STP versus DMA and prime style access

Where STP sits on the access ladder

Direct market access in forex usually talks about a client’s ability to send orders straight into a bank or ECN book with very little broker intervention. At the top end, funds with prime broker relationships plug into matching engines with their own IDs. That is as close as you get to “raw”.

STP sits a couple of rungs below that. You still rely on the broker to aggregate feeds, manage credit to providers and handle net hedging. You do not hold your own prime account. For most individual traders that is fine, because the cost and legal work involved in full DMA access is huge.

In a sense, STP is retail DMA. You are not stuck dealing only against the house. You are not expected to post millions as collateral at a bank. You are sharing the broker’s pipes, and getting a cleaned up version of what sits on the other side.

How larger players use similar plumbing

The funny part is that even many larger players use something that looks like STP, just with more zeros. Prime of prime brokers aggregate prices from tier one banks and ECNs, then offer that composite feed and routing service to smaller banks, brokers and funds. Those downstream clients are doing with their clients exactly what your STP broker does with you.

So STP is not a poor cousin. It is the same pattern seen all along the chain: someone sits between end users and the main liquidity pool, managing credit, technology and aggregation. The difference is scale and how much direct control each layer has over risk.

Which trader profiles fit STP brokers best

Short term traders

Short term traders care about execution more than most. They might trade off five minute charts or even shorter, enter several times per session and lean on tight stops and modest targets. For them, spread, slippage and trade acceptance are a big chunk of the game.

An STP broker with decent providers is usually a better fit than a pure market maker here. Variable spreads that mirror real liquidity help you avoid trading during thin patches. Commission based pricing lets you see your cost per trade clearly. If slippage is reasonably fair in both directions, you can plan around it.

True ECN access can be even better if your size justifies it and your method uses resting orders as well as market orders. But many retail traders run size and capital levels that are still better served through a broker who handles all the machinery in the background. For them, a good STP broker is a practical sweet spot.

Swing and position traders

Swing traders and position traders open fewer trades and hold them longer. They watch the daily chart, maybe the four hour, and let positions run over days or weeks. For them, pip level differences in spread or odd half pip of slippage here and there matter less than other factors.

What matters more is honest swap charging, sensible margin policy, stability around rollovers and corporate action handling if they trade CFDs as well as spot. On those fronts, an STP broker is neither automatically better nor worse than a solid market maker. It comes down to that firm’s operations and regulatory home.

Some swing traders still prefer STP because they like the idea that their positions are hedged outside and that their profit is not a direct line item against the broker’s PnL. Others are happy at a dealing desk that has treated them well and offers built in risk tools.
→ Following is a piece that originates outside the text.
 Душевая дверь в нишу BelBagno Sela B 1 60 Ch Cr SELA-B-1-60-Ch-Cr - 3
For this group, broker type is just one item among many, not the top one.

How to judge whether an STP broker really behaves like one

Marketing copy will not give you the full answer, so you have to combine what the broker says with what you can observe.
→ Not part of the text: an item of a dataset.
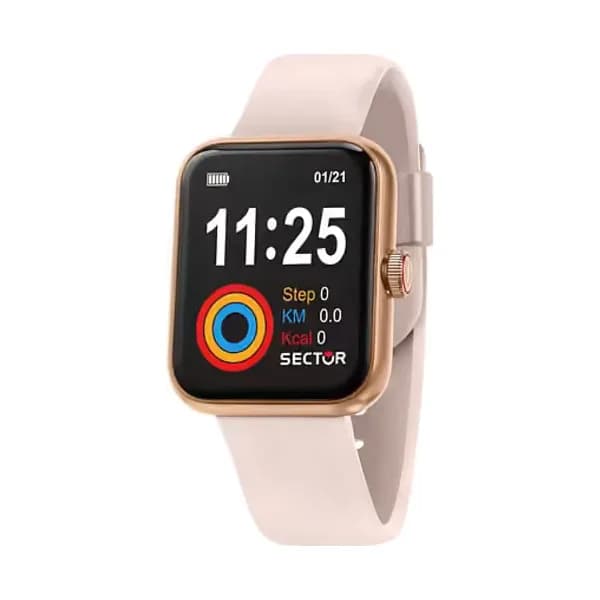 Sector Montre Connectée Mixte SECTOR en Silicone Rose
The first check is the fee and spread grid. A genuine STP model usually shows variable spreads and either a clear mark up or an explicit commission. Headline fixed spreads with no mention of pass through costs are more typical of a pure dealing desk.

The second check is transparency about liquidity providers. Some brokers name banks and prime partners in their documents. That is not proof of perfect routing, but it beats vague talk about “tier one liquidity” with no names at all.

The third check is your own trade history. Over a few hundred trades, look at how often you get positive slippage and how often negative, and by how much. Watch spreads around scheduled news. See whether order rejection rates spike in ways that do not match what you see on independent price feeds.

Regulation and history still matter. An STP label on a firm under a strong regulator with a clean record is a different thing than the same label on an offshore entity with no meaningful oversight. Even with STP routing, you are leaving money with a company and trusting its internal controls.

In the end, STP is one piece of the puzzle. It tells you that the broker at least intends to pass your trades into the wider forex pool instead of keeping them all in a back room book. How well it does that, and whether that fits your own style and risk tolerance, comes down to details you can only see by looking past the slogan and watching how the account behaves when money and stress are real.